The Bush administration's former top counterintelligence official warned one week before the September 11th attacks that hundreds of Americans could die in a terrorist strike, but said the president did not consider terrorism an urgent issue.
Mr Richard Clarke, who served four US presidents, told the national commission investigating the 2001 attacks on the World Trade Center and the Pentagon: "I believe the Bush administration in the first eight months considered terrorism an important issue, but not an urgent issue."
On the second of two dramatic days of open testimony, one of the most charged moments came when commissioner Mr Tim Roemer, a former Democratic congressman, asked Mr Clarke about a letter he wrote to President Bush's national security adviser, Ms Condoleezza Rice, one week before the attacks.

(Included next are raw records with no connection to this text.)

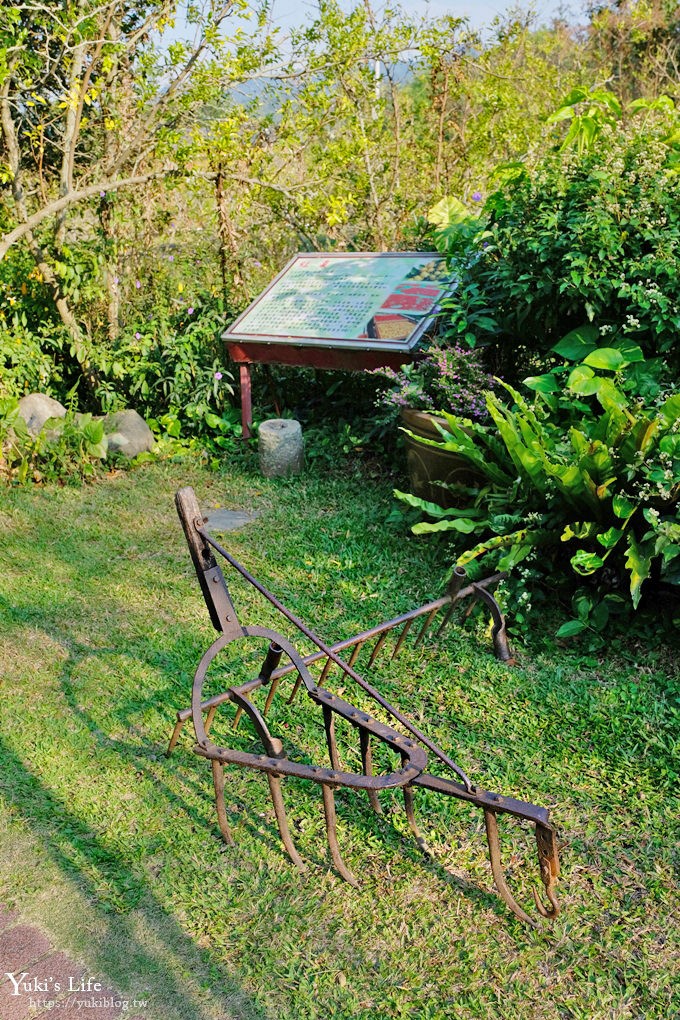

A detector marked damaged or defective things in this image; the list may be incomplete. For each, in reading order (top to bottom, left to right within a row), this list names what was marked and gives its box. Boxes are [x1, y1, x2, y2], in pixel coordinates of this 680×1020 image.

rusty metal farm implement [169, 485, 558, 926]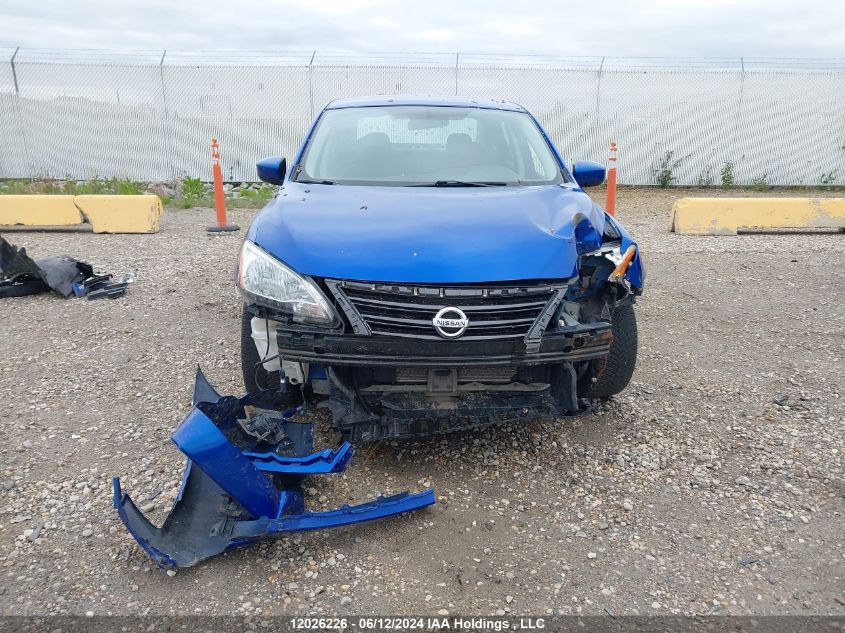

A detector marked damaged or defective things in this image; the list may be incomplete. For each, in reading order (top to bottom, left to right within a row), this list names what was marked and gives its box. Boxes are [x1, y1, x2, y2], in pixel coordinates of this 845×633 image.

broken headlight [237, 238, 336, 324]
crumpled hood [247, 181, 604, 282]
damaged blue nissan sentra [234, 96, 644, 444]
cracked bumper piece [112, 366, 436, 568]
damaged fender [112, 366, 436, 568]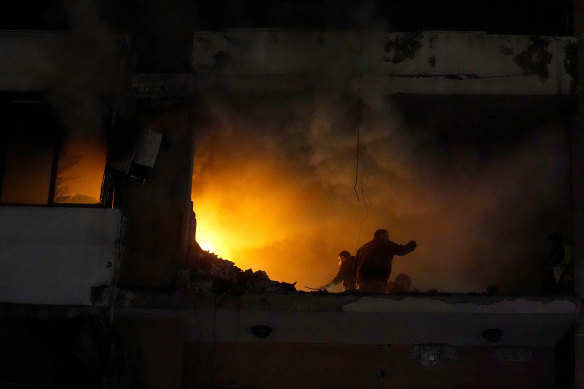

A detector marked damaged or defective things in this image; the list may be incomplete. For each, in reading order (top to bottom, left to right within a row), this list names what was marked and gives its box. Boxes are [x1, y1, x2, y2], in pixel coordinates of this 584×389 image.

broken concrete debris [180, 246, 296, 294]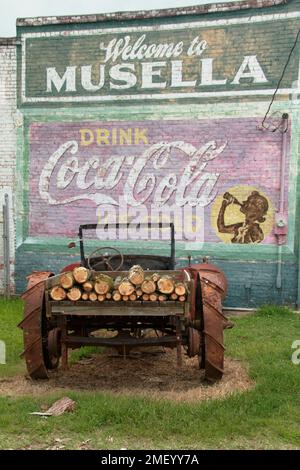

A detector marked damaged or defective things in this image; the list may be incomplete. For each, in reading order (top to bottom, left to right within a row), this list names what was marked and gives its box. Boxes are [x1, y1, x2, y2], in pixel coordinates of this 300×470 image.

"You urge policymakers to imagine a day after hundreds of Americans lay dead at home and abroad after a terrorist attack and ask themselves what else they could have done. You write this on September
4th, seven days before September 11th" Mr Clarke simply replied, "Yes."
Mr Clarke, who has given 15 hours of testimony to the commission in closed session, was making his first public appearance. The former official, who served three Republican and one Democratic administrations, created a stir this week by publishing a book accusing the Bush administration of failing to recognize the urgency of the threat posed by bin Laden's al Qaeda network.
In his letter to Ms Rice, Mr Clarke lambasted the Pentagon and the CIA for failing to act against al Qaeda.
The commission is due to report in late July at the height of the presidential campaign.